Foreclosures and debt have destroyed millions of US farm families. Suicides and despondency plague rural America while Big Ag grows. It’s not only the older generation but young farmer leaders like Severine Fleming who have supported the farmers’ revolution. All, save for the corporate media, see the invisible hand behind these reforms — Big Ag. Modi has led the Big Ag to India’s doors and sacrificed Indian farmers for agri-dollars.
India farmers are jubilant about the US support but, as the harvest season nears, some of them are now returning with the stories of their struggles and indignation to their villages to work the fields, while others farmers are on the road to Delhi’s borders. In Haryana, media reports indicate, hundreds of villages have pledged to send one person from each house to join the revolution. The farmers’ revolution is getting ready for the hot summer. Although the Modi Government’s version occupies the media discourse, the farmers may have outwitted the Government once again.
How? With the help of the returning farmers, their unions and leaders have now expanded their base far beyond Delhi’s borders. YouTube videos and independent vernacular citizen journalists have spread each update across the country. The tune of Farmer Revolution’s Haryanavi anthem — “Modi ji hum Dilli aage” — now sways young and old farmers from Bengal to Rajasthan.
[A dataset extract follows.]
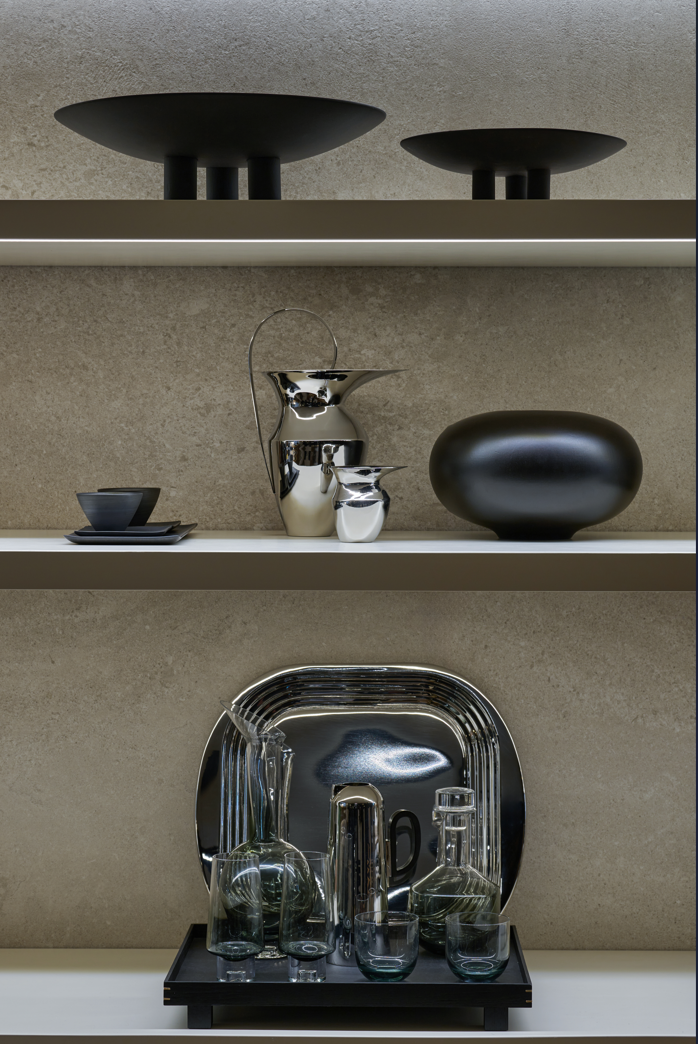 SHOWROOM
From Ganganagar to Kerala, the farmer unions have addressed millions of people in a short span of 30 days. Now that the movement has reached a mature stage, it will spread even faster. Even the Government is finding it hard to call them “a handful of farmers” as it did in early January. Now the discourse has become “crowds don’t get the work done”. The movement today represents not just farmers but all those who work the land — migrant workers, labourers, urban mandi workers and the traders. This is a united rural India resisting a corporate auction. Meanwhile, the Government has unleashed the biggest round of privatisation of public assets since Yeltsin’s Russia.
No one knows why fuel prices have skyrocketed. Why taxes and cess keep increasing, squeezing the middle class, and yet arterial roads of Delhi have potholes? The fuel prices directly impact farmers’ input costs and offset the MSP calculations. India is being rigged for food inflation. Indian agri produce vastly outperforms against the highly subsidised imports from countries like the US.
The agricultural bubble is soon going to burst; the collateral will be rural India and millions of lives. History will repeat itself as from its ashes shall emerge a new class of neo-zamindars that shall profit from each morsel. The US is a fine example of this, where four corporations control over 80 per cent of the food and about 50 per cent of all produce is wasted!
The Modi Government needs to correct course by abandoning the laws and making a fresh start with farmers, for their movement is no longer an Indian affair or internal matter as the External Affairs Ministry is already involved in this diplomatic issue.
We as a nation should remember that India loses face in the world only because democracy dies at home. This is an agrarian issue that is being politicised by media magicians, swaying public opinion inciting more hate in society. But for the farmers, at home and abroad, it’s a question of livelihood and existence. We need to stand in solidarity because it’s a fight for the survival of our soul and roti, together.
(The author writes on agriculture and environment, and is a former Director — Policy and Outreach, National Seed Association of India. The views expressed are personal.)